Work to complete:
Transcribe the entries exactly as given and skip whatever images they hold.

(Collection entries)
________________________

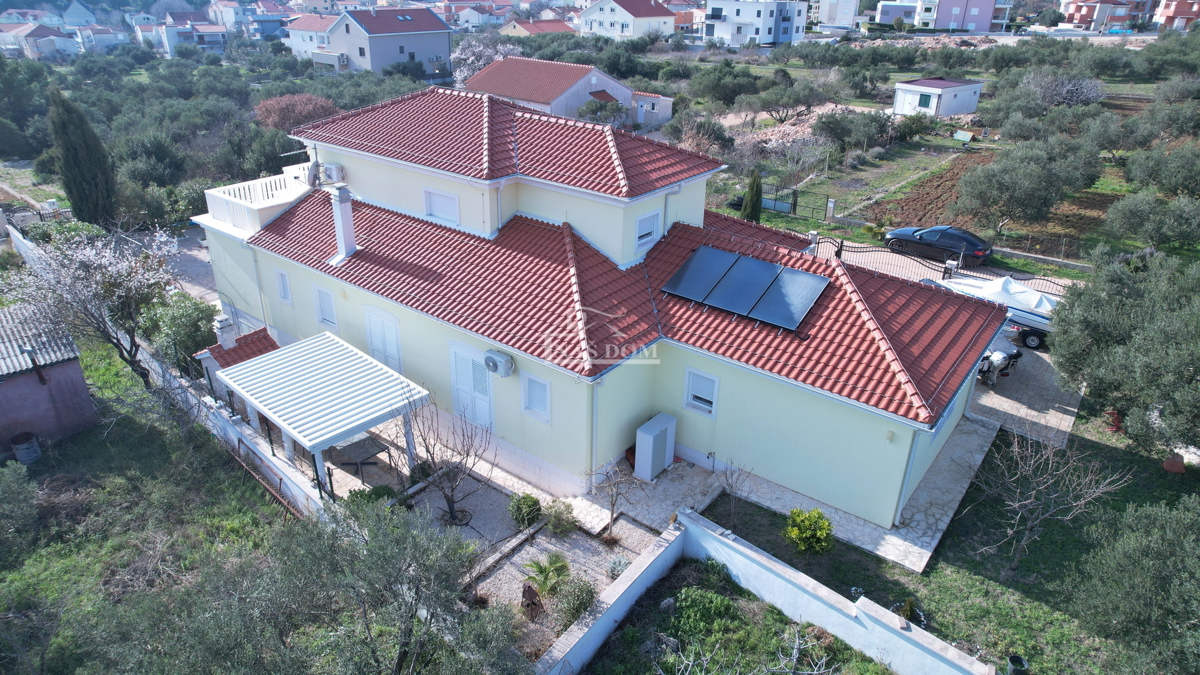 Tribunj , villa con piscina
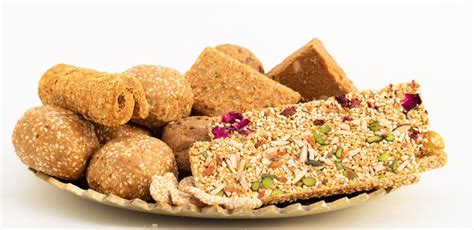 Lohri 2024: 6 Traditional Foods of Lohri - Club Mahindra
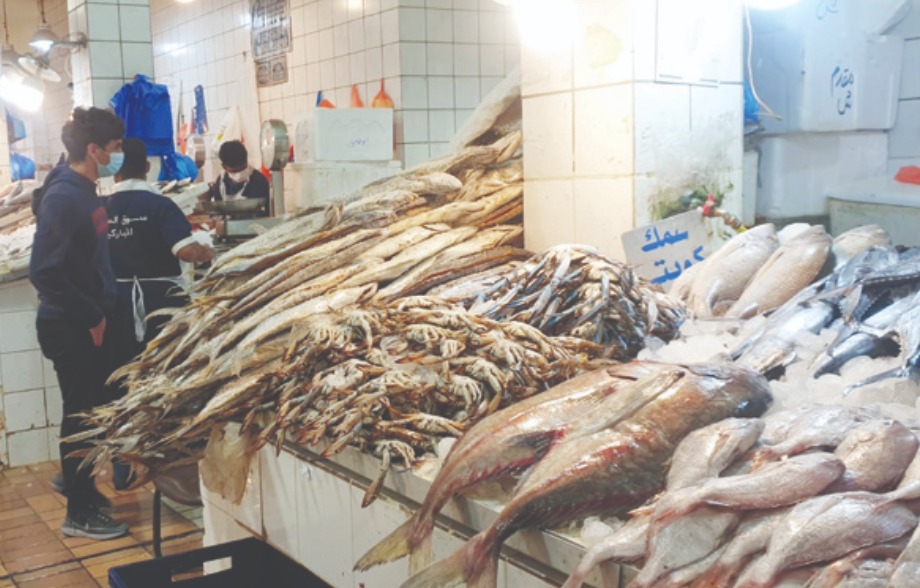 മുബാറക്കിയ മത്സ്യമാർക്കറ്റ് ഷർഖിലേക്ക് മാറ്റുന്നു; ദുർഗന്ധം കാരണം ചരിത്രപരമായ വ്യാപാര കേന്ദ്രത്തിന് നാണക്കേട്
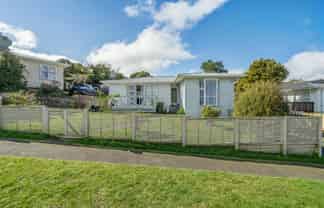  5 Cypress Drive, Maungaraki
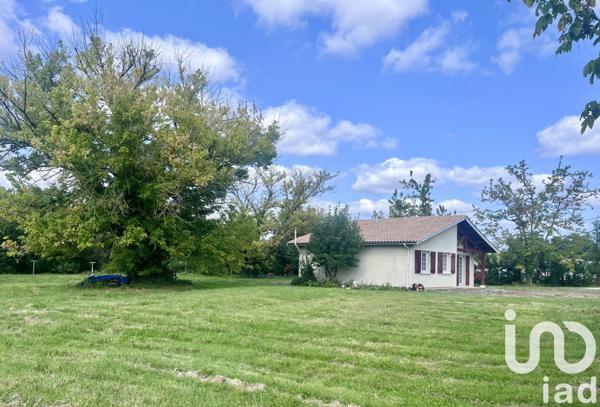 House for sale 3 rooms 88 m² Saint-Savin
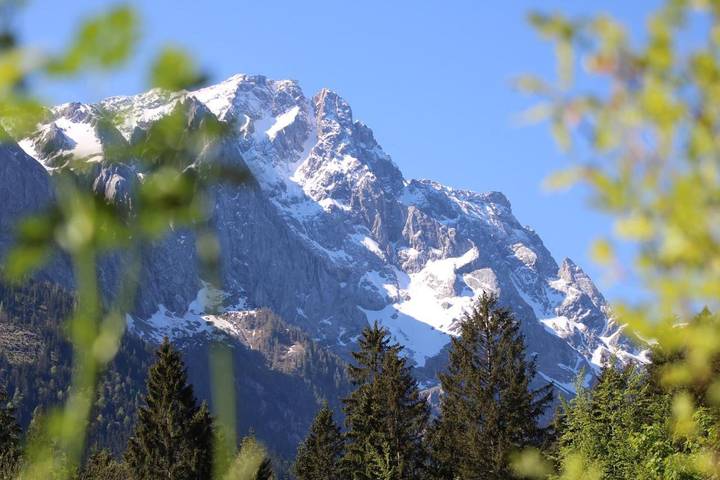 Ferienhaus für 2 Personen, mit Ausblick und Garten in der Zugspitzregion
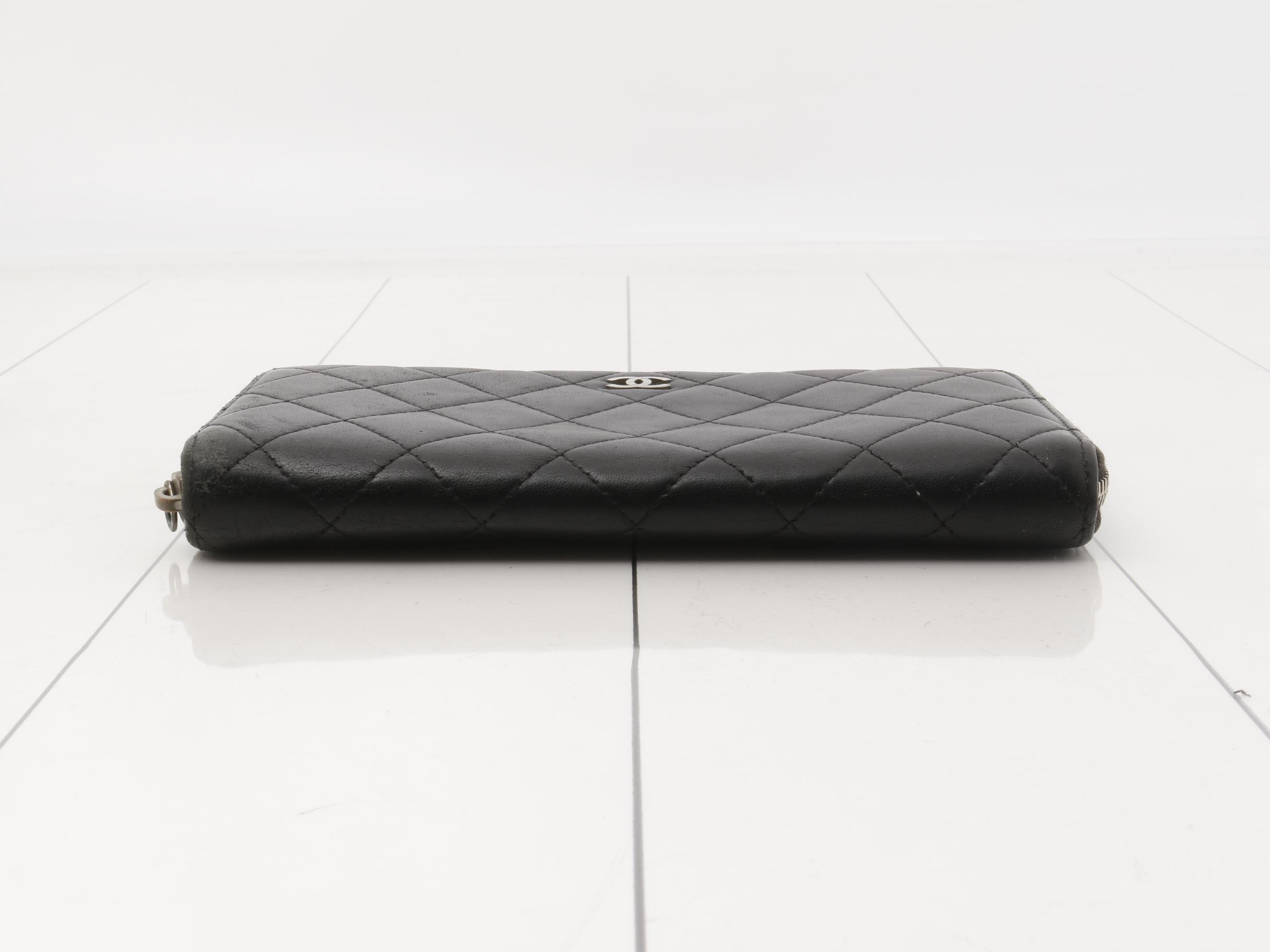 Matelassé (bags) and wallets — view 3
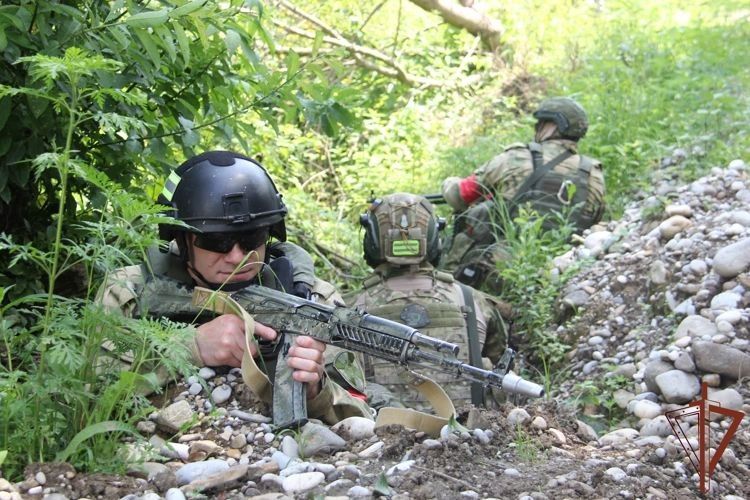 В Северной Осетии подразделения Росгвардии отработали действия по пресечению террористической угрозы В Северной Осетии подразделения Росгвардии отработали действия по пресечению террористической угрозы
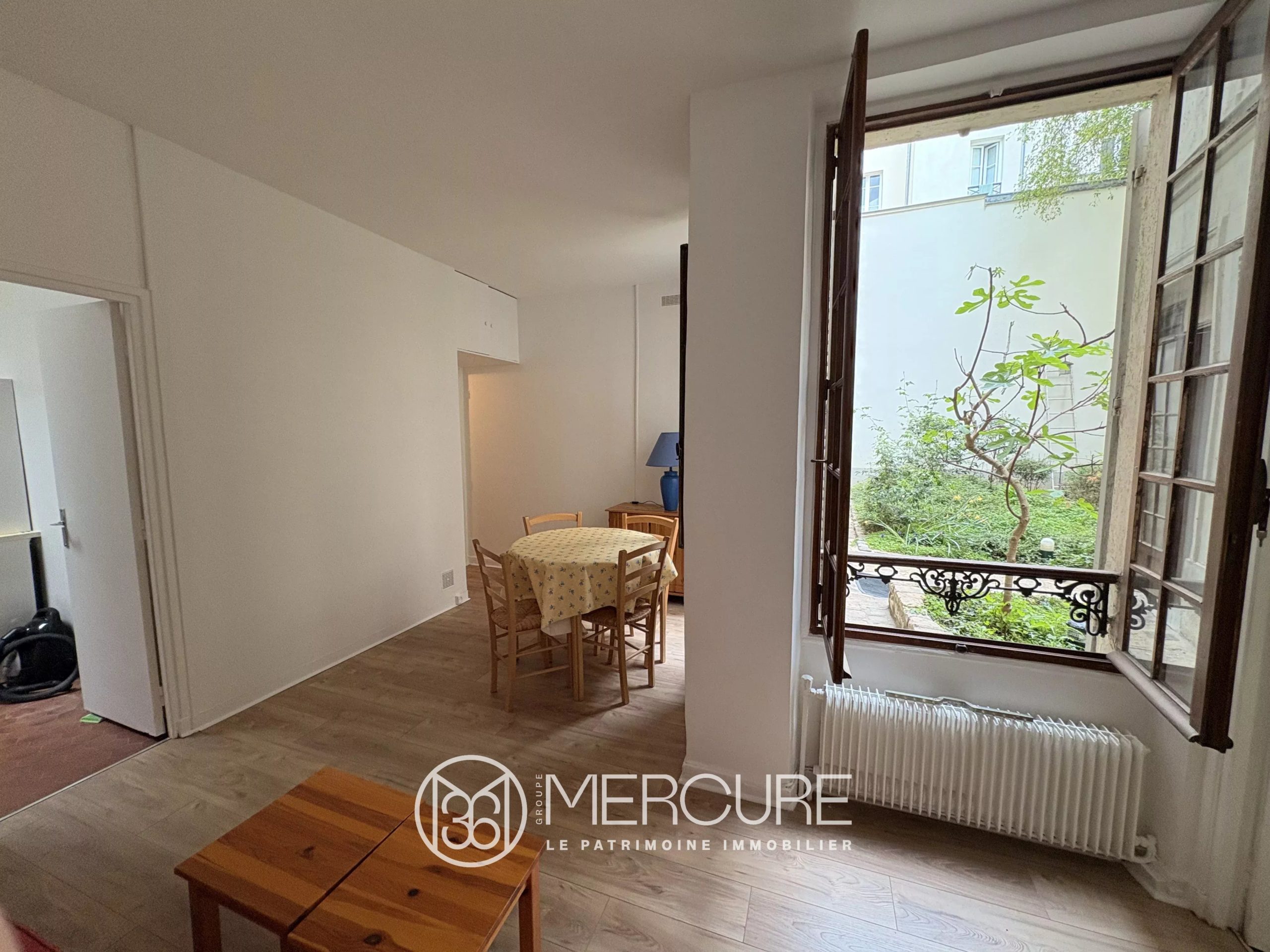 FOR SALE PARIS 7e GROS CAILLOU – 1 BEDROOM APARTMENT 30sqm - 680VPA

________________________

Answer:
 Tribunj , villa con piscina
 Lohri 2024: 6 Traditional Foods of Lohri - Club Mahindra
 മുബാറക്കിയ മത്സ്യമാർക്കറ്റ് ഷർഖിലേക്ക് മാറ്റുന്നു; ദുർഗന്ധം കാരണം ചരിത്രപരമായ വ്യാപാര കേന്ദ്രത്തിന് നാണക്കേട്
  5 Cypress Drive, Maungaraki
 House for sale 3 rooms 88 m² Saint-Savin
 Ferienhaus für 2 Personen, mit Ausblick und Garten in der Zugspitzregion
 Matelassé (bags) and wallets — view 3
 В Северной Осетии подразделения Росгвардии отработали действия по пресечению террористической угрозы В Северной Осетии подразделения Росгвардии отработали действия по пресечению террористической угрозы
 FOR SALE PARIS 7e GROS CAILLOU – 1 BEDROOM APARTMENT 30sqm - 680VPA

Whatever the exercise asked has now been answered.